KENSINGTON AND CHELSEA LOCAL PLAN
The Royal Borough of Kensington & Chelsea is currently consulting on an update of its Local Plan. This contains some very positive provisions regarding pubs. Section B of policy TC5 states that the Council will ‘Resist the loss of public houses and other drinking establishments throughout the Borough’ and section 5.62 says that ‘the Council will have regard to Policy HC7 of the London Plan, ‘Protecting public houses’, when considering any application which includes the loss of a public house or pub floorspace’. The additional specification of ‘floorspace’ is very significant. Section 5.63 goes on to specify, ‘Any proposal which includes the loss of upper floors or ancillary uses such as function rooms and staff accommodation must demonstrate that this loss will not compromise the operation or viability of the public house. Measures must be put in place which would mitigate the impacts of noise for new and subsequent residents is accordance with the ‘agents of change’ principle’. If any readers who are RBKC residents would like to support these measures, the consultation runs until 22 December. Go here to see the consultation documents and comment on-line. Alternatively, you can download a response form from the same site. The next stage is for the council to submit the plan to the Secretary of State for Levelling Up, Housing and Communities who then appoints an inspector to examine the plan. The inspector will take into account all comments made at this stage. If accepted, this could be a template for what we would like to see in all London borough local plans.

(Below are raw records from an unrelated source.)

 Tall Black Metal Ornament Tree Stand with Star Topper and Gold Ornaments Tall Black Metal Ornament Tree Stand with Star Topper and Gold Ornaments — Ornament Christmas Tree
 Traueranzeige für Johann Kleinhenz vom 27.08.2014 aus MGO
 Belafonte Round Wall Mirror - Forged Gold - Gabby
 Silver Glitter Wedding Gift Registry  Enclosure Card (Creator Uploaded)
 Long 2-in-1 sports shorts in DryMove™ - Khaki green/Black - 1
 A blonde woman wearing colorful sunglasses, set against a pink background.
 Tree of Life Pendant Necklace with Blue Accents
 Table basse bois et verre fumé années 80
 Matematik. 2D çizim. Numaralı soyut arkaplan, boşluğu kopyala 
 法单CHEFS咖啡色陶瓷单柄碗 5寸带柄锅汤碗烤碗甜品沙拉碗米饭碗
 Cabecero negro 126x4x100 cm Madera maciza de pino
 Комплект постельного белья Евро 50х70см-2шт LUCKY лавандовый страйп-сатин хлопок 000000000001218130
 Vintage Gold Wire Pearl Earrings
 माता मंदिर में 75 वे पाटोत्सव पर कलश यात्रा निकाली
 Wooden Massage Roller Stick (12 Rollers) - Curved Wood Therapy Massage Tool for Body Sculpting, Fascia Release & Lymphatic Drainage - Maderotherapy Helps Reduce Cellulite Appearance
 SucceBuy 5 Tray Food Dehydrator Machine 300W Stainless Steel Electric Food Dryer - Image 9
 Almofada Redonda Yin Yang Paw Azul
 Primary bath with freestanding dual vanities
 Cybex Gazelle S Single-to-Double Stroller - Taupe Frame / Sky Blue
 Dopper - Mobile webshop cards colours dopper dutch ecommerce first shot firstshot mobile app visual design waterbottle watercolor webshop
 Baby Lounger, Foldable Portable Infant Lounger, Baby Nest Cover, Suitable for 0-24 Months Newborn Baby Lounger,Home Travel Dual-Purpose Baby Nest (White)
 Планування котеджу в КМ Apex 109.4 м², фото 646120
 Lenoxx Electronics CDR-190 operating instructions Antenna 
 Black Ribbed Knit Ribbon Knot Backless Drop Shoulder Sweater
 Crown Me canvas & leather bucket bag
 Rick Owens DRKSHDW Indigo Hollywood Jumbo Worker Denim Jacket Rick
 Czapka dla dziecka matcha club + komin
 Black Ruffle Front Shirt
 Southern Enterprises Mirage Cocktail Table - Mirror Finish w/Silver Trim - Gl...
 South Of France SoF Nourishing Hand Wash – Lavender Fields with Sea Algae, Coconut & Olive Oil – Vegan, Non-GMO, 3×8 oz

CONVERTING PUBS TO RESTAURANTS
This is an appropriate point at which to remind readers that converting a pub to a restaurant (with no bar and table service only) is a change of use (from sui generis drinking establishment to Class E (b)) which requires planning permission. This also applies to any attempt to convert a pub to a hotel (Class C1). This is important because it has implications for permitted development rights which may make it easier to eventually convert the property to residential use. The addition of a dedicated restaurant area to an existing pub is however permissible so long as the pub continues to function as a drinking establishment.
PLANNING REFORM
The Government have been making noises about reforming the planning system for some time. The minister responsible is the Secretary of State for Levelling Up, Housing and Communities, who is, once again, Michael Gove. A bill, the Levelling Up and Regeneration Bill, was introduced in May 2022 and is currently making its way through the House of Commons. My understanding is that its principal aim is to speed up and simplify planning procedures. This could involve removing some protections that could affect pubs, especially in new enterprise zones where the local authority may be replaced as the planning authority. These changes may be enacted using secondary legislation, so may not be immediately obvious from the terms of the Bill. The Local Government Association have commented that the Bill ‘is not easy to read or to understand’ and so more research is needed.